* _REQUIREMENT_:
Your output consists solely of the lines from the one that contains "2025 CFMoto CFORCE" to the end of the material, each reproduced exactly; pictures do not belong in it.

* _STORED DATA_:
┄┄┄┄┄┄
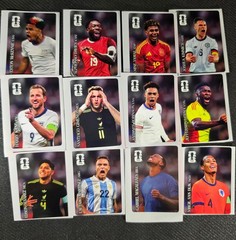Panini FIFA World Cup 2026 Sticker Coca-Cola Full Set 12 Stickers Version US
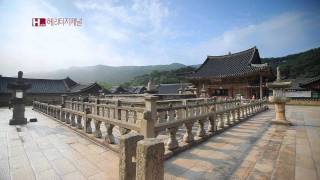 TV ZONE A Treasure Left by Sakyamuni Geumgang Gyedan in Tongdosa Temple [upl. by Nawuq]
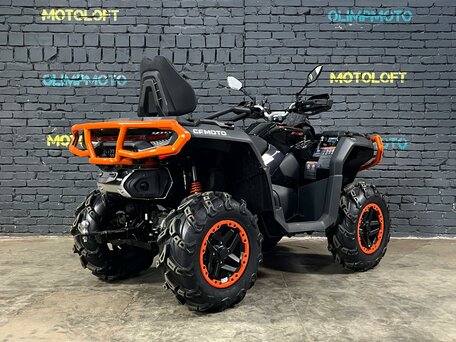 2025 CFMoto CFORCE 1000 EPS LTD, чёрный, 1619910 рублей, вид 5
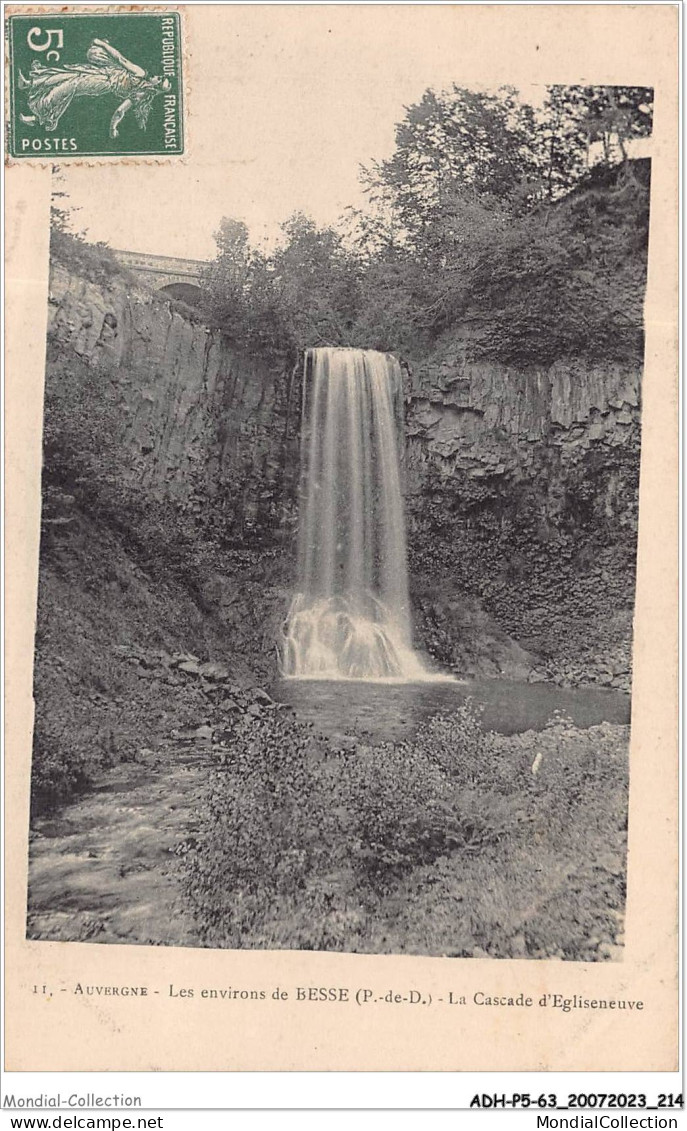 ADHP5-63-0473 - BESSE - La Cascade D'egliseneuve - Besse Et Saint Anastaise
┄┄┄┄┄┄
* _TASK OUTPUT_:
 2025 CFMoto CFORCE 1000 EPS LTD, чёрный, 1619910 рублей, вид 5
 ADHP5-63-0473 - BESSE - La Cascade D'egliseneuve - Besse Et Saint Anastaise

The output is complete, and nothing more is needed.